**DATASET**
◇ ◇ ◇
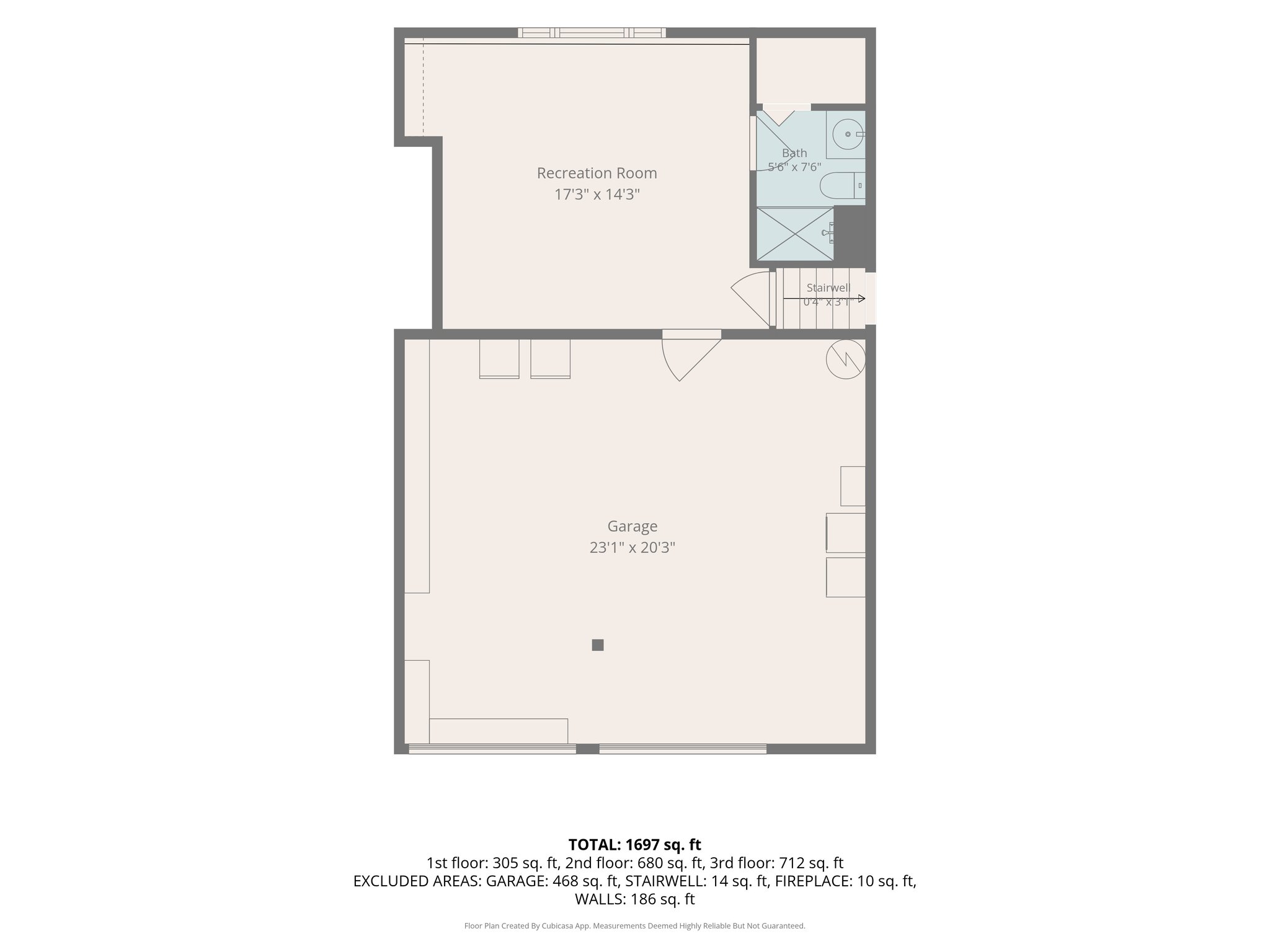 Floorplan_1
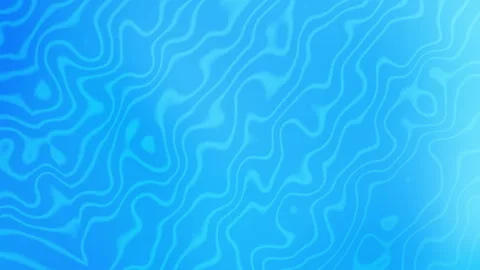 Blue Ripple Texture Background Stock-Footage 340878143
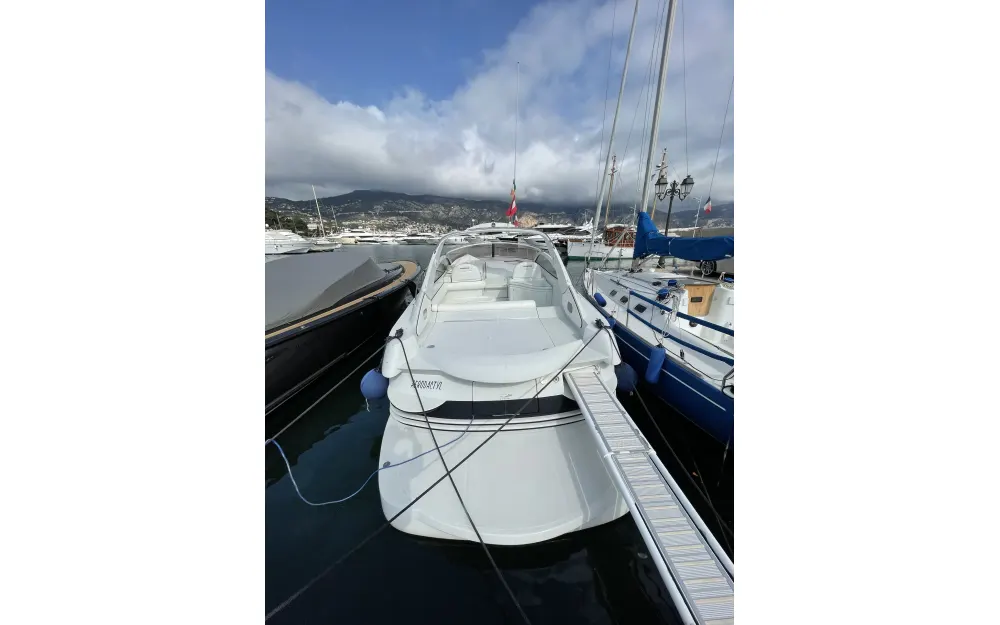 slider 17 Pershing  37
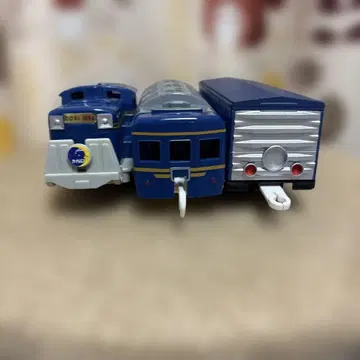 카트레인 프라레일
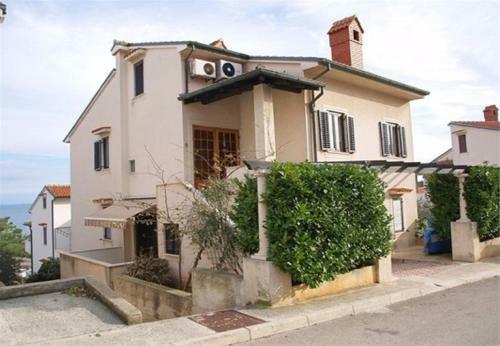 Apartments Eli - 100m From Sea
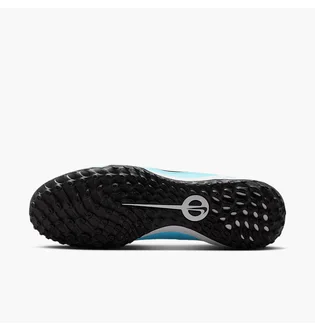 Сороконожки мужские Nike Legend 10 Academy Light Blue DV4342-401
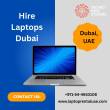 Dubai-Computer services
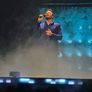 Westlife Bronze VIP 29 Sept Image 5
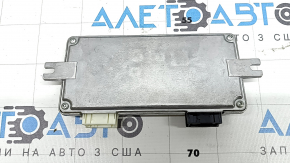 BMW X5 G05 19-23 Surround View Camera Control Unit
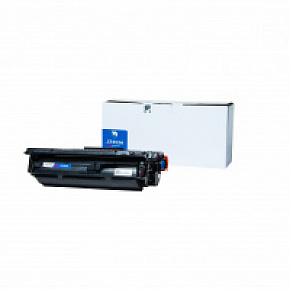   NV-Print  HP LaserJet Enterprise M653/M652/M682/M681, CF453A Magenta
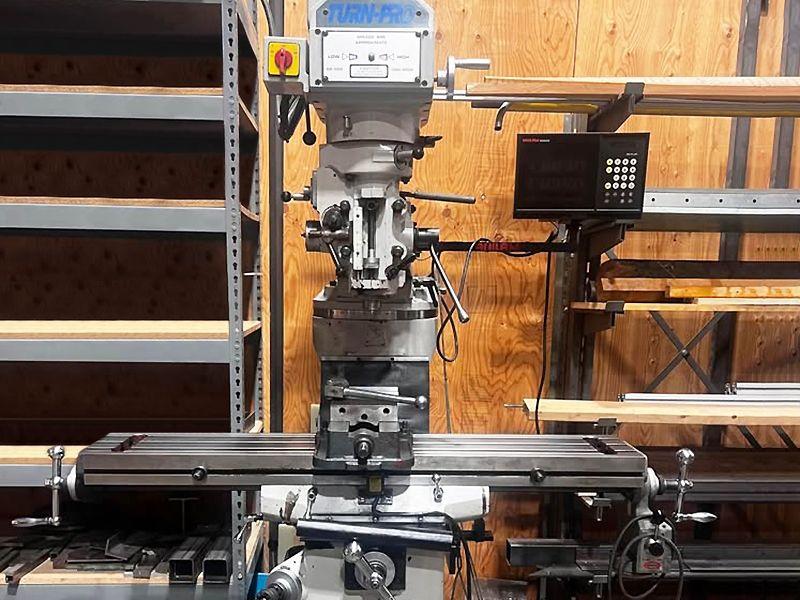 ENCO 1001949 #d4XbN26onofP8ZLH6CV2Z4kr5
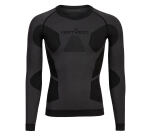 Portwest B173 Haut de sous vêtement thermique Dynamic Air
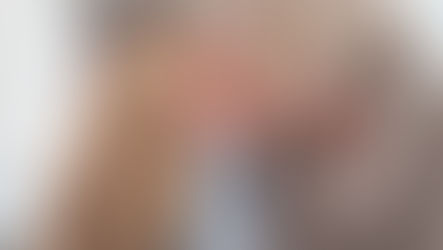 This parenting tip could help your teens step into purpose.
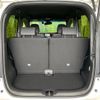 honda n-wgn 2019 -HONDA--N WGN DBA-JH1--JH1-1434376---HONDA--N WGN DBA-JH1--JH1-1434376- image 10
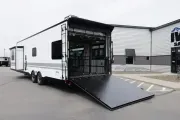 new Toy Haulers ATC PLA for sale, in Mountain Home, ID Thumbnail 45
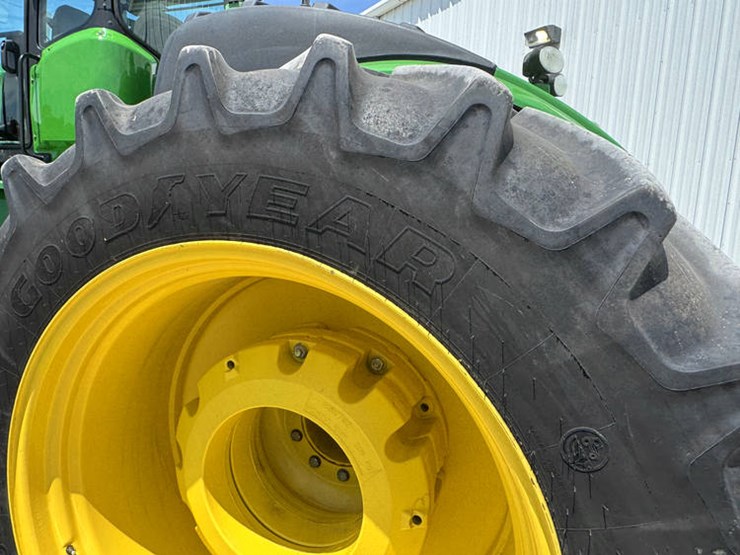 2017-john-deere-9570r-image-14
◇ ◇ ◇
**TASK TO COMPLETE**
Please print exactly the lines from the line containing "new Toy Haulers" through the end of the records above, both included, leaving out every picture.

**SOLUTION TO THE EXERCISE**
 new Toy Haulers ATC PLA for sale, in Mountain Home, ID Thumbnail 45
 2017-john-deere-9570r-image-14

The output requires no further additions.